The court then proceeds to consider whether there had been an acceptance of this lumber, and on page 369 quotes from the opinion of WILLES, J., in Bog Lead Co. v. Montague (10 C.B. [N.S.] 481), where it was said: "It may be that in the case of a contract for the purchase of unascertained property to answer a particular description, no acceptance can be properly said to take place before the purchaser has had an opportunity of rejection. In such a case, the offer to purchase is subject not only to the assent or dissent of the seller, but also to the condition that the property to be delivered by him shall answer the stipulated description. A right of inspection to ascertain whether such condition has been complied with is in the contemplation of both parties to such a contract; and no complete and final acceptance, so as irrevocably to vest the property in the buyer, can take place before he has exercised or waived that right. In order to constitute such a final and complete acceptance, the assent of the buyer should follow, not precede, that of the seller, but where the contract is for a specific, ascertained chattel, the reasoning is altogether different. Equally, where the offer to sell and deliver has been first made by the seller and afterwards assented to by the buyer, and where the offer to buy and accept has been first made by the buyer and afterwards assented to by the seller, the contract is complete by the assent of both parties, and it is a contract the expression of which testifies that the seller has agreed to sell and deliver, and the buyer to buy and accept the chattel."

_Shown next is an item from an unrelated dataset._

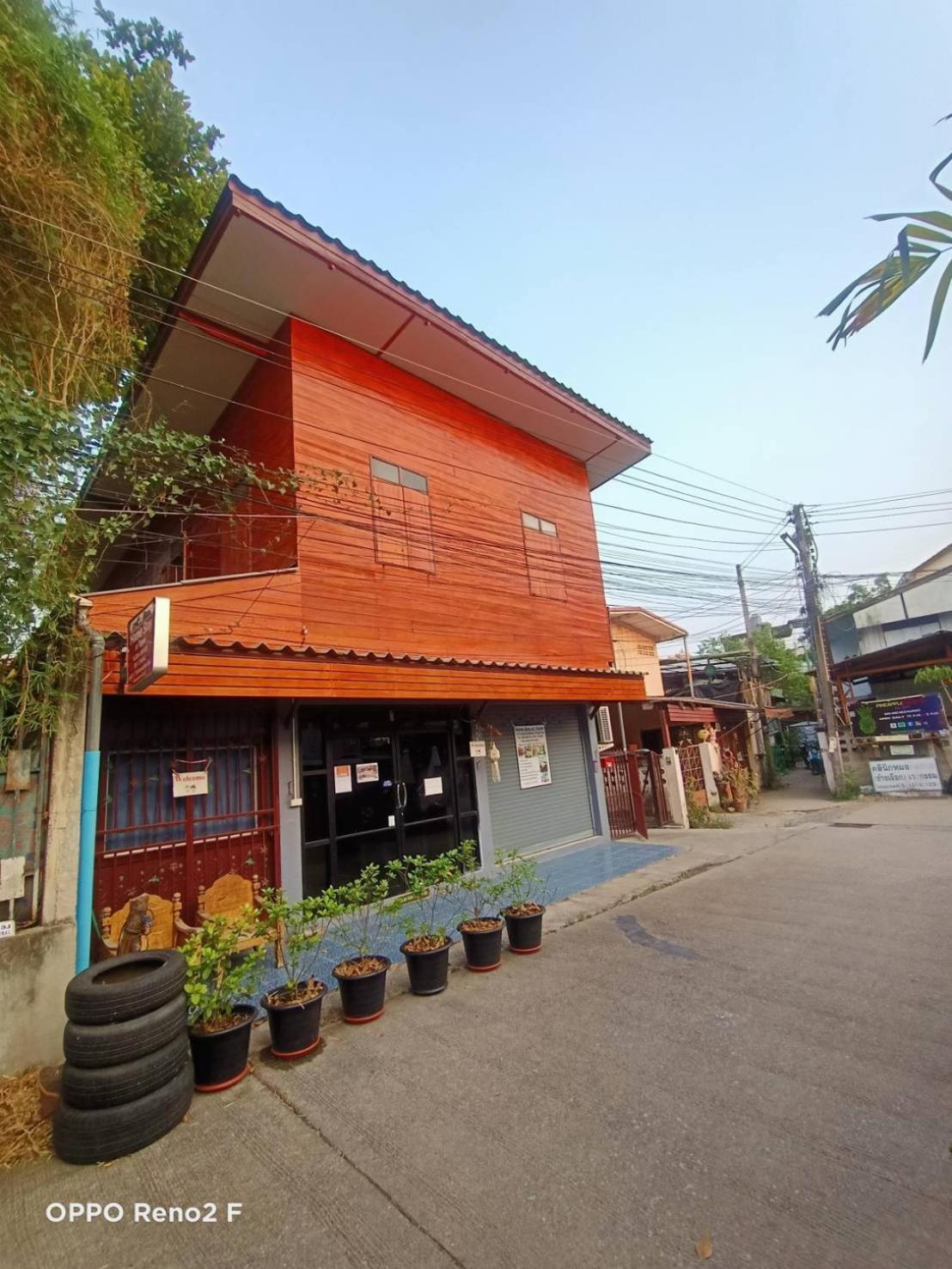 Home Stay At Tapae Chiang Mai Extérieur photo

Later the court cites from the opinion of BRAMWELL, B., in Coombs v. Bristol Exeter R. Co. (3 H. N. 510): "The cases establish that there can be no acceptance where there can be no opportunity for rejecting." Further, in discussing the meaning of the word "acceptance" under the statute, the court said: "The buyer had a right to see whether the bulk was according to the sample, and until he had exercised that right there was no acceptance." I do not find that the reasoning in this case has ever been questioned in this State.
In the case cited the question involved both the Statute of Frauds and the passing of title under a valid sale. The question was there considered, first, as to whether there had been an appropriation by the seller with the assent of the buyer, and also the question whether there had been such an acceptance as would take the case out of the statute. I can see no distinction as to the passing of title between a purchase by sample and a purchase by description. If in a purchase by sample there can be no implied assent that the seller can appropriate the goods to the contract where they must be selected from a mass containing other goods of other kinds, I can find no implied assent of the buyer to the selection by the seller in a sale by description. Furthermore, where, as in the case cited, the goods were to be put in a deliverable state by sawing the lumber into different sizes, if that be held to be an executory contract of sale, and not a contract to manufacture, the same rule must apply as to the right in the seller to put those goods in such deliverable shape and appropriate them to the contract as in a sale by sample or a sale by description, where a selection must be made from a mass of mixed goods.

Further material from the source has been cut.